こういう人生の節目に立ち会えるのも、少し嬉しい。
「こんにちは!反転パンダ引越しサービスです!」
元気よく挨拶とともにチャイムを鳴らす。
無応答
再びチャイムを鳴らす。
「・・・らっしゃい、お願いしマス・・・」
まさに今チャイムの音で起きました、というカンジの若い男性が出てきた。
明るい色の髪は、就職したらやっぱり黒くするのかなぁ、なんて思いながら部屋にあがった俺は、前言を撤回する事になった。
つまり、一人暮らしの男子学生さんの引っ越しは荷物が少なくて楽、ということ。

確かにキッチン周り、調理器具や食器類はとっても少なくて、衣類や靴は(俺よりは遥かに多く)一般的な学生さんよりも多いくらいだからこのあたりは予想通りなんだけど、それより何より。
本の量!
一人暮らしではちょっと考えられないくらいの本の量だった。
「食器とか服とかどーでもいいんだけどさ、そっちの本だけスグ出せるよーにしといてくんない?」
引越し用の梱包材に、手際よく荷物を詰めていく。
大量の本は、ほぼ医学書だった。
それからある特定の作家さんの本と、ベストセラーで話題になった本たち。
「多くて悪ィね」
ぷかり、と煙草を吸うその人に笑みを返して。
「大丈夫ですよ。たくさんお持ちですね、すごいです」
ふぅ、と煙を吐き出しながら、読んでない本もあるよ、と笑う。
「趣味の本を1冊、仕事の本を1冊、時勢がわかる、ベストセラーを1冊。月に3冊。年間36冊10年で360冊。するのとしないのとでキミの人生が変わる。・・・って、昔センセーに言われてね」
でも実際はご覧のとおりの偏りっぷりだ、と再び苦笑いをして煙草をもみ消すと、荷物の仕分けに加わった。
「お医者さまですか?」
お客さまの事情には立ち入ってはいけないのだけど、ついぽろりと口から出てしまった。
「おー、ようやくアレだ、ケンシューイってやつだな」
「へえっ、お医者さんですか。何科の先生?」
同じく作業中の別のバイトの質問に
「あー、いちお、小児科」
答えつつの苦笑いは、
「似合わねーって言われんだけど」
というのが、理由のようだった。
手早く本を詰め込みながら“小児科”の言葉にわずかに体温が上がった気がした。
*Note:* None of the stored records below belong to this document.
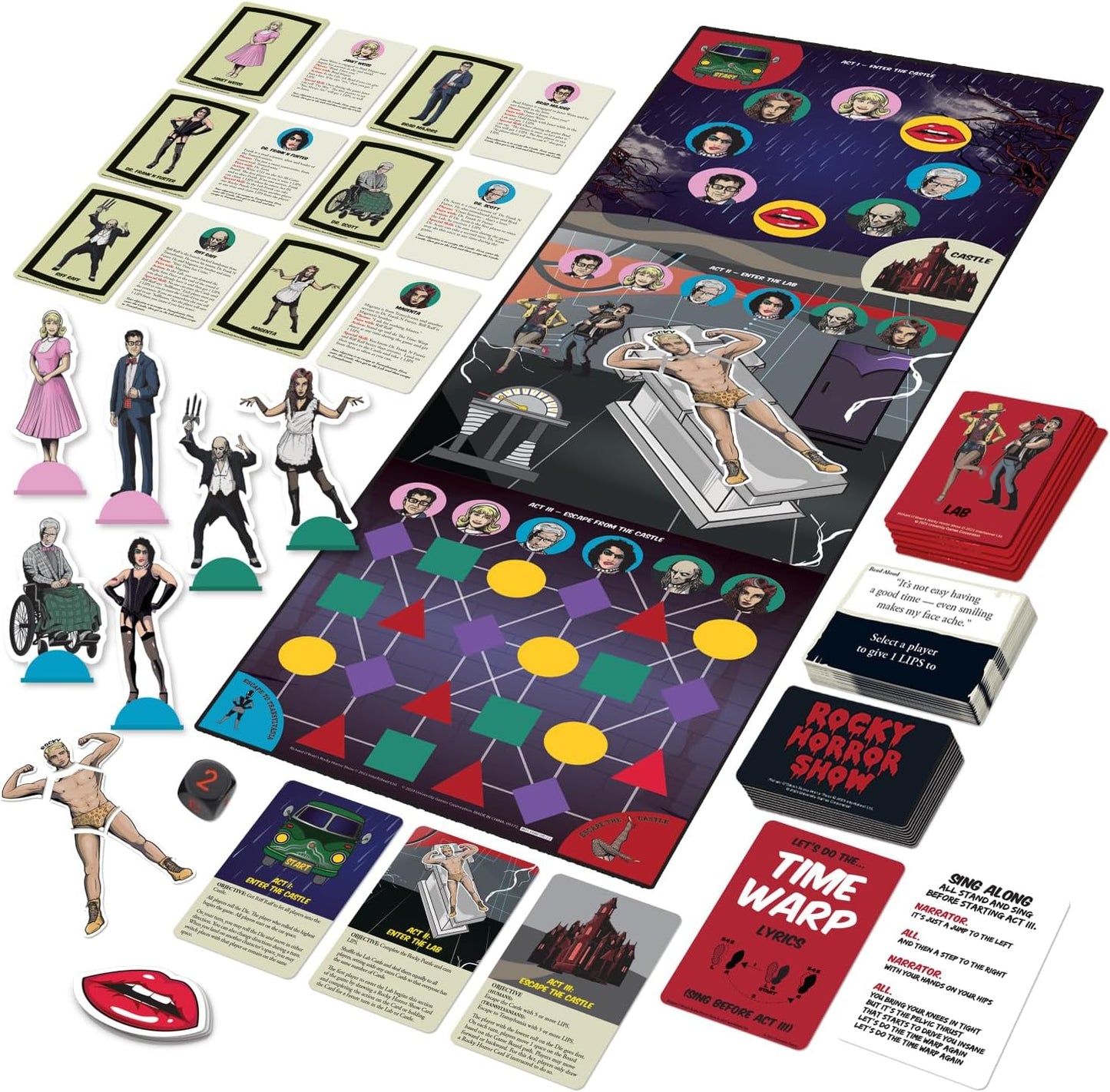 | Rocky Horror Show Party Board Game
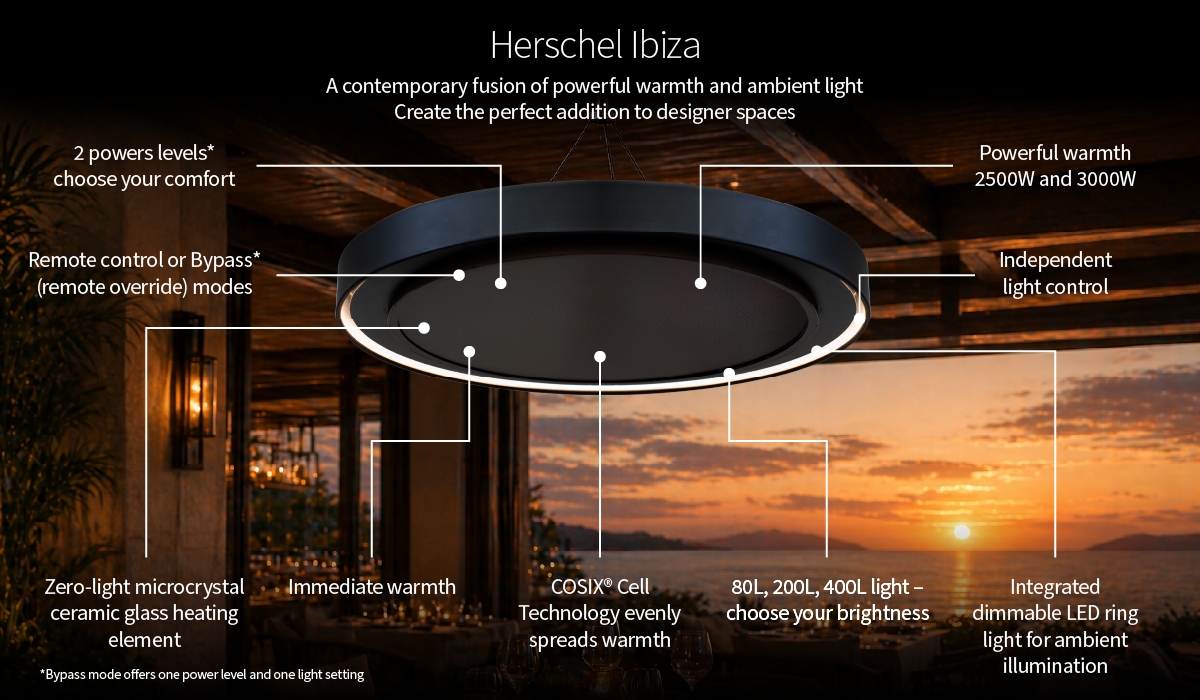 Ibiza Features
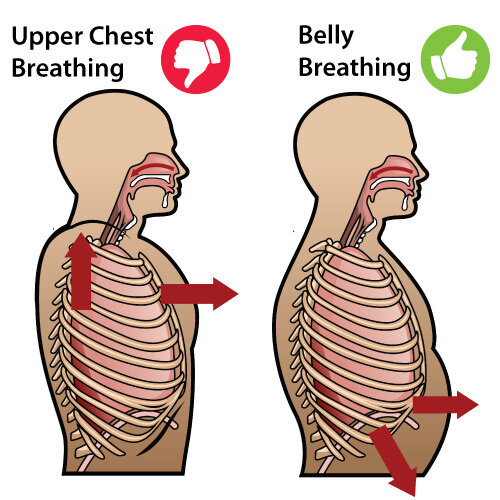 Is our breath a magic Bullet? — Buoyant Bodywork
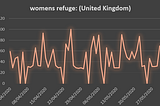 ‘Women’s Refuge’ searches spiked during the first UK national lockdown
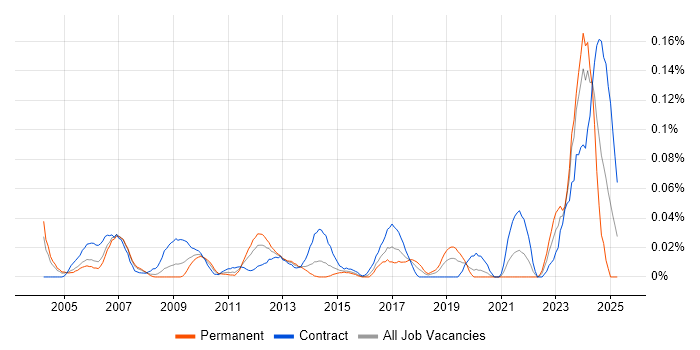 Job vacancy trend for Cabling Engineer in the City of London Job vacancy trend for Cabling Engineer in the City of London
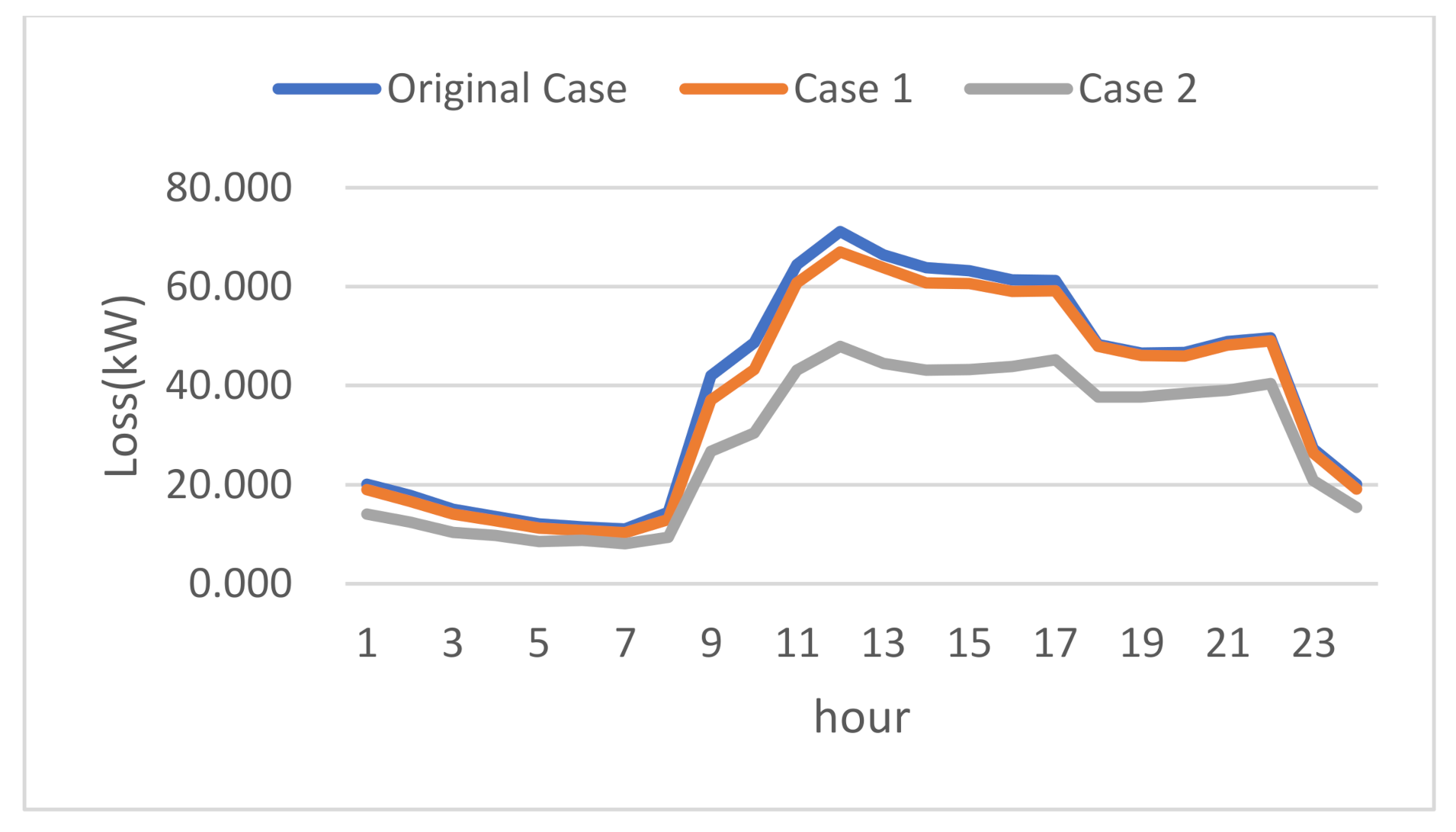 Energies 13 05852 g010 Energies 13 05852 g010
何故小児科なのか、子供が好きなのか、と会話は続いていたけど耳には入ってこず、トクリトクリと少しずつ鼓動が早まってくる。
子供の為になる仕事を−−−そう志したときに小児科医という選択肢が頭をかすめたのは事実だった。
でもそれはかすめただけで、高校も出ていない俺が医学部など、実現可能な選択肢にはなり得ず、そのまま蓋をした。
使い込まれた参考書は暖かみがあって、手に馴染む気がした。
「それ、やろうか?K大のだけど、フツーに使えると思うし」
意識しないうちに参考書をじっと眺めてしまっていたのだろうか。
「え?あっ、いや・・・済みません、そういうんじゃないんです」
慌てて段ボールに仕舞おうとする。
「そ?医学部受験したいんじゃねーの?」
「いえっ」
かぁっと顔に血が上っているのが分かる。
「フーン」
煙を吐き出しながらのその声は、明らかに見透かされているのが分かって顔をあげられず、黙々と荷物を詰めるのに集中する。
「まぁどっちにしてもさ、入試ん時の参考書とか、さすがにもうイラネーから処分してくんない?」

結局、処分するというその参考書はそのまま俺の荷物となった。一般的な入試の参考書としても使えるから、という言い訳を何度も呟いて。
その数ヶ月後、運命の人と出会い、その参考書が本当に役に立つなどとはその時は思いもしなかったのだけど。